WORK INSTRUCTIONS. Output all entries exactly as they appear and skip the pictures.

EXERCISE MATERIAL.

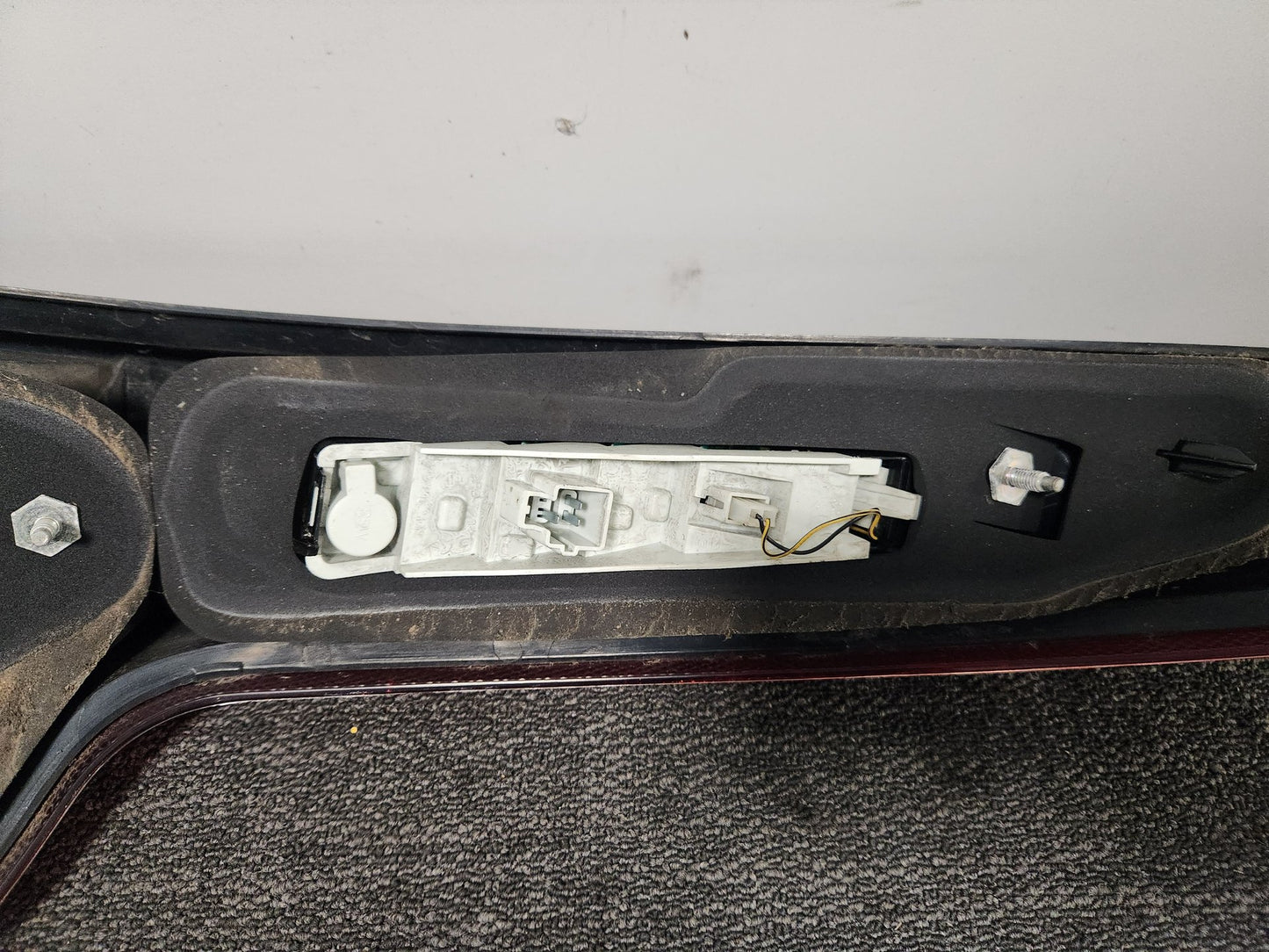 2010 Volvo V50 MK2 FL (MW) Genuine Rear Left N/S Passenger Tail Light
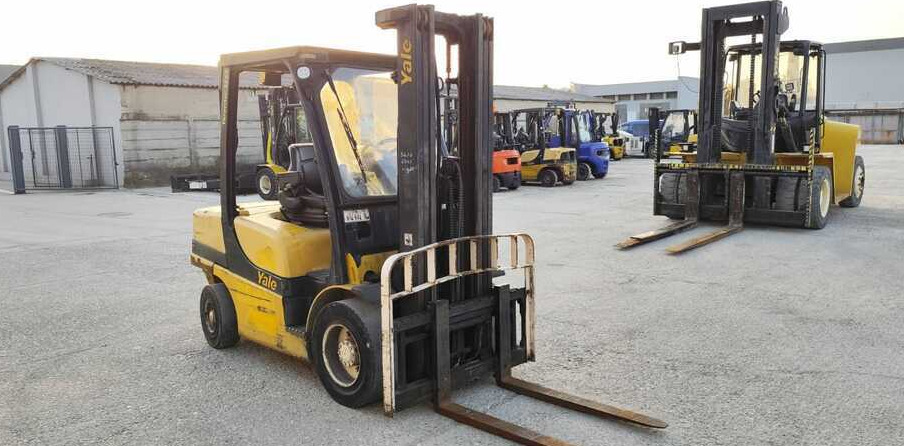 Yale GDP35VX - Diesel forklift: picture 4 Yale GDP35VX - Diesel forklift: picture 4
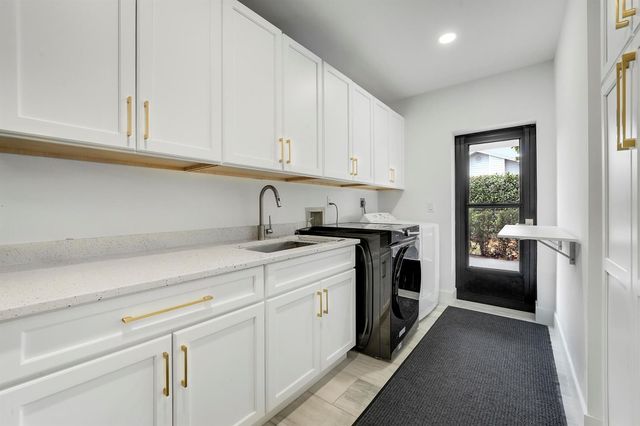 4290 SE Whiticar Way, Stuart, FL 34997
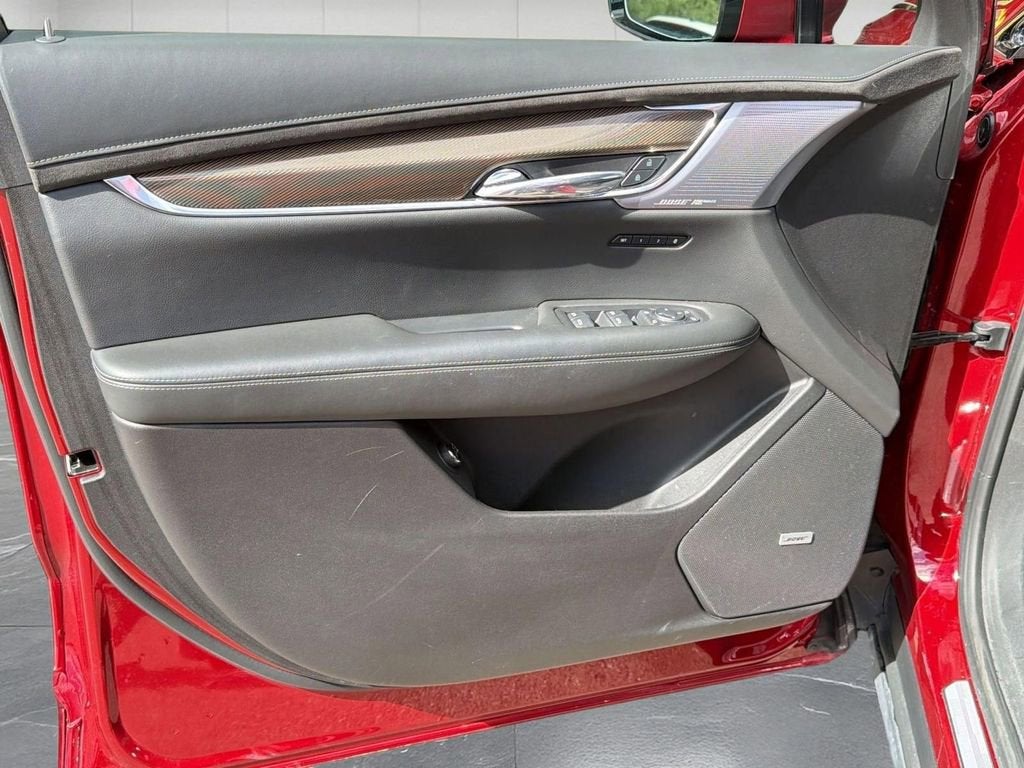 2023 Cadillac XT6 Sport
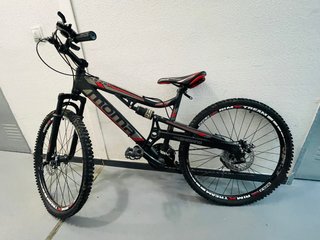 Bicicleta de Montaña Moma Equinox 26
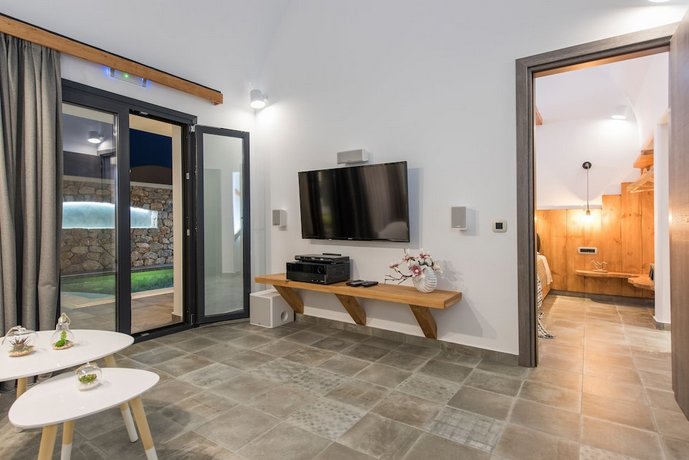 Aurum Santorini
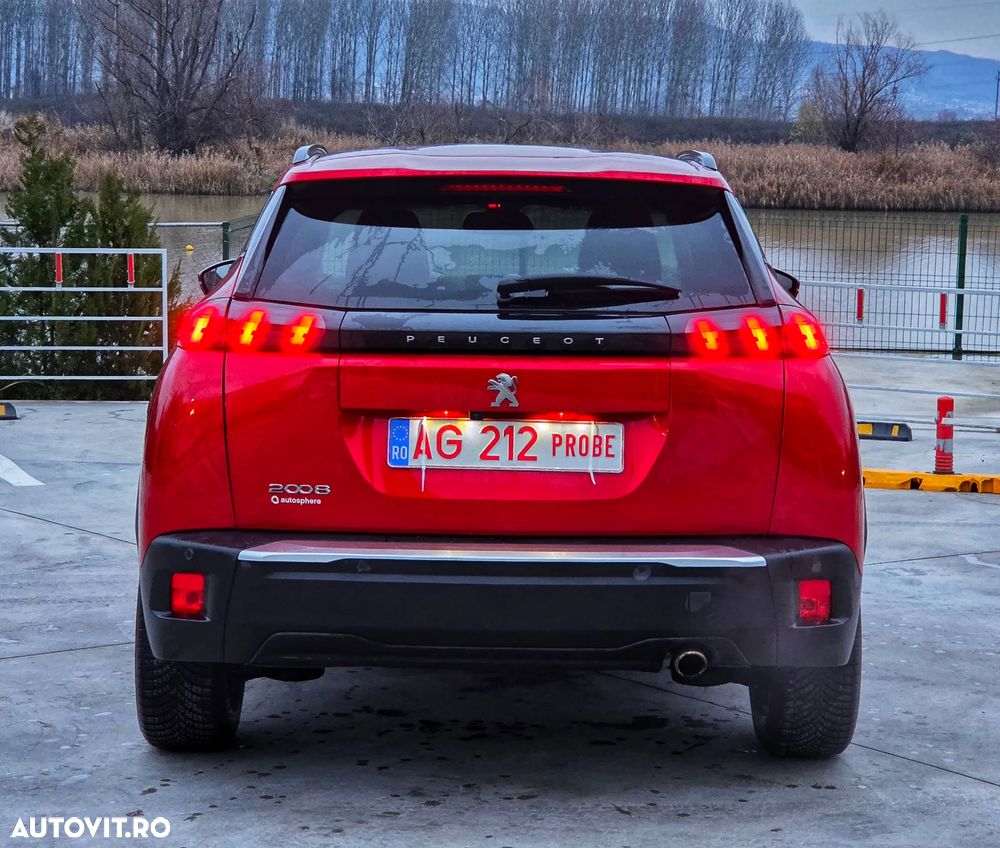 Peugeot 2008 1.5 BlueHDI 130 S&S EAT8 GT - 11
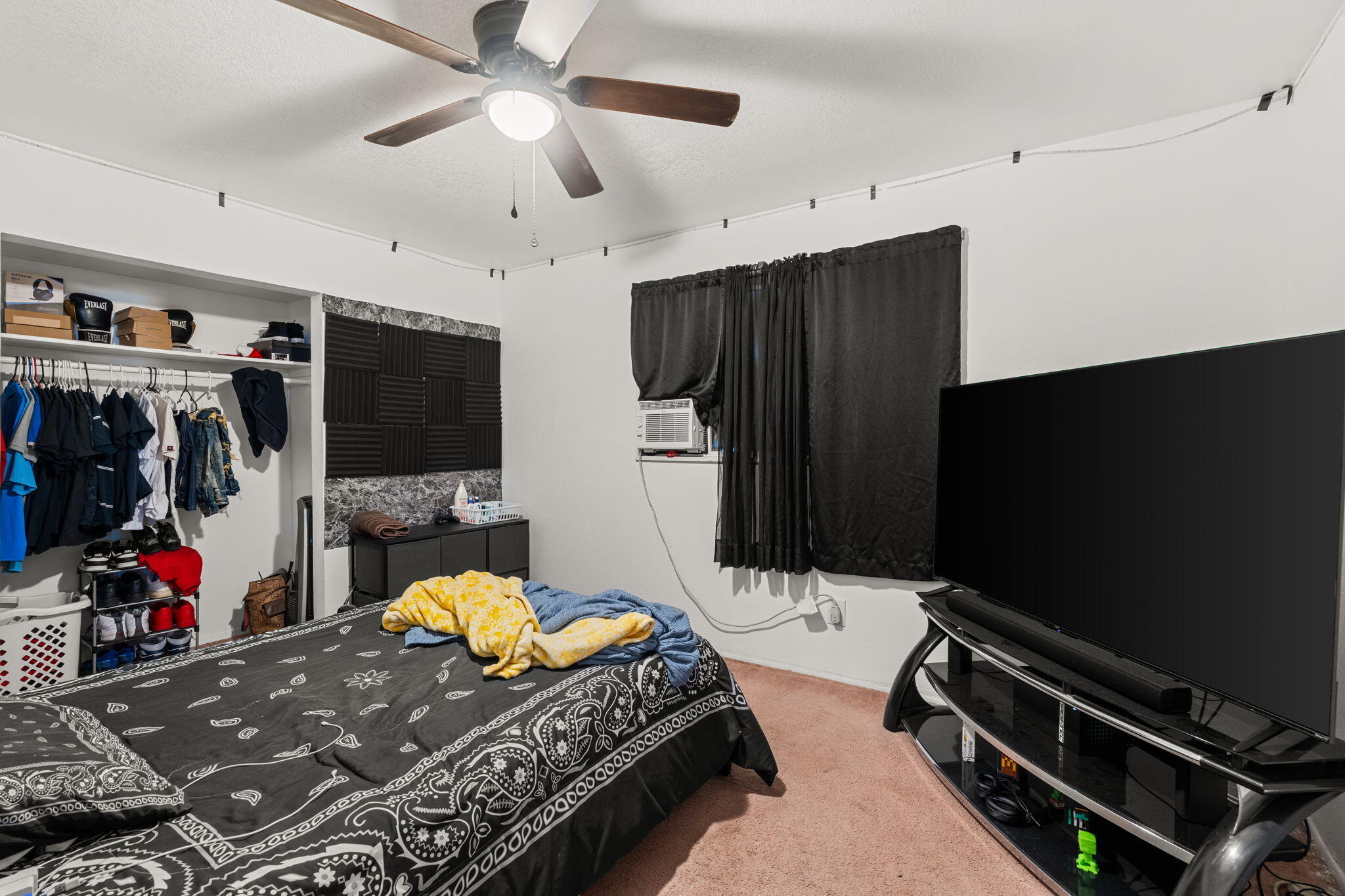 Photo 13 — 718 Liles Street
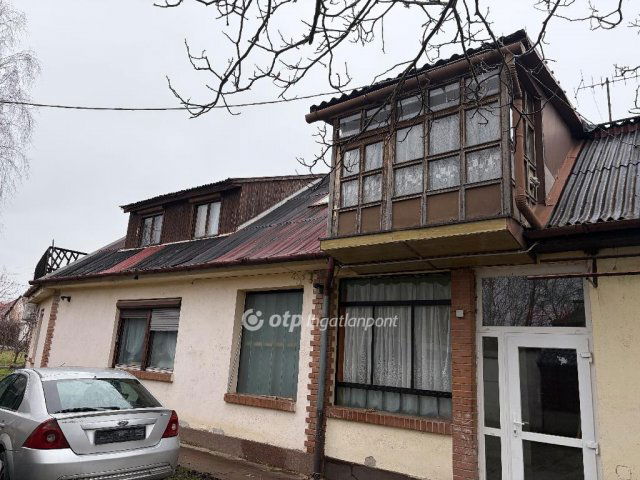 Eladó családi ház, Dejtáron 32.45 M Ft, 1 szobás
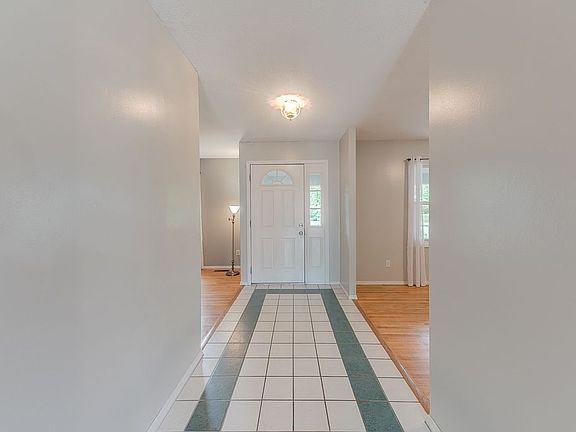 3rd image of 12067 Spruce Haven Dr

RESULT OF THE TASK.
 2010 Volvo V50 MK2 FL (MW) Genuine Rear Left N/S Passenger Tail Light
 Yale GDP35VX - Diesel forklift: picture 4 Yale GDP35VX - Diesel forklift: picture 4
 4290 SE Whiticar Way, Stuart, FL 34997
 2023 Cadillac XT6 Sport
 Bicicleta de Montaña Moma Equinox 26
 Aurum Santorini
 Peugeot 2008 1.5 BlueHDI 130 S&S EAT8 GT - 11
 Photo 13 — 718 Liles Street
 Eladó családi ház, Dejtáron 32.45 M Ft, 1 szobás
 3rd image of 12067 Spruce Haven Dr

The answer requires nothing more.